I hung a small nesting box in the garden recently to try and attract a pair of spotted pardalotes to a nest as I’ve had many of these beautiful birds hopping around the trees in my garden looking for insects. Hopefully they will find the nesting box and use it.

I’ve seen an eastern spinebill and a white-naped honeyeater (as well as numerous New Holland honeyeaters) feeding on the banksia flower over the past few weeks, which has been exciting (although they were too quick to fly off before I managed a photo).

Near my house in Ocean Grove there’s a little oasis for honeyeaters as there are many flowering grevilleas, where I’ve manage to spot and photograph little wattlebirds, eastern spinebills and red wattlebirds.

I think there is a family of little wattlebirds in my neighbourhood as some of the birds have a brown eye (a characteristic of a younger bird), whereas adult birds have a light blue eye.

The little wattlebird is the smallest of the three wattlebird species in Australia, and I think they are the most attractive, with the rufous colour on the wing and the striped tail.

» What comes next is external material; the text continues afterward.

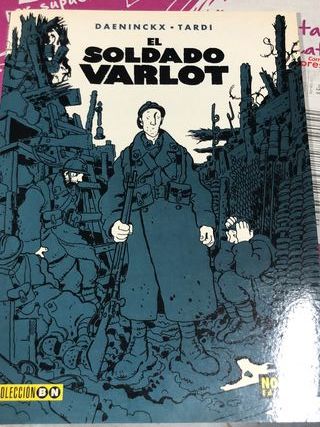 EL SOLDADO VARLOT - TARDI - COL BN NORMA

I watched an eastern spinebill move around a flowering ground cover plant and realised that these birds feeding on these plants make them very vulnerable to predation by cats.

It’s much better for birds to be high up in a tree rather than on the ground.

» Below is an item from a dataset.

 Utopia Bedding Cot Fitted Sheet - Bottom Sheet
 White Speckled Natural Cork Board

Eastern Spinebills (especially the males) are just beautiful birds, with their long, fine, down-curved beak and a black, rufous, white and brown plumage.

Speaking of cats, recent research has found that cats kill one million birds a day in Australia. The researchers found evidence of cats killing 338 bird types—almost half of Australia’s native species, including 71 threatened species such as the spotted quail thrush, the squatter pigeon, and the night parrot. How shocking.

I was walking to my little oasis last week when I saw a black cat high up in a tree near a red wattlebird nest. The red wattlebird was very vocal which drew me to what was going on. I poked the cat with a stick to get it to climb down. No animals were injured in this procedure and more importantly the black cat did not cross my path and it did not get to the nest.

After chasing the cat away I looked up and a peregrine falcon flew over my head again for the second time in two weeks, which was amazing.

I’ve been trying to spot the tawny frogmouths pair that I visit regularly, but they have been typically elusive up until the other day, when I managed to see them.

I’ve read that in the winter the tawnies roost on a branch that faces north so that they absorb the warmth from the sun, and on the day I saw them they were on a branch facing north, but there was no sun and no warmth – it was freezing!

I was just very pleased to see them and know that they are, for the time being, thriving. I received an email from Maddie who works with Barwon Coast, and she told me that a deceased boobook owl was found in Barwon Heads that was very malnourished (as it was ‘skin and bone’). I’ve heard that the lack of insects (because of the excessive use of pesticides) is affecting populations of birds such as these, which is very alarming. Maddie also told me that a pair of black kites have been seen regularly, foraging at Ocean Grove Spit just north of 21W estuary side.

I don’t think this is good for the hooded plovers who nest in that area, so I’ll have to chase them away when I’m on hooded plover minding duty over the summer.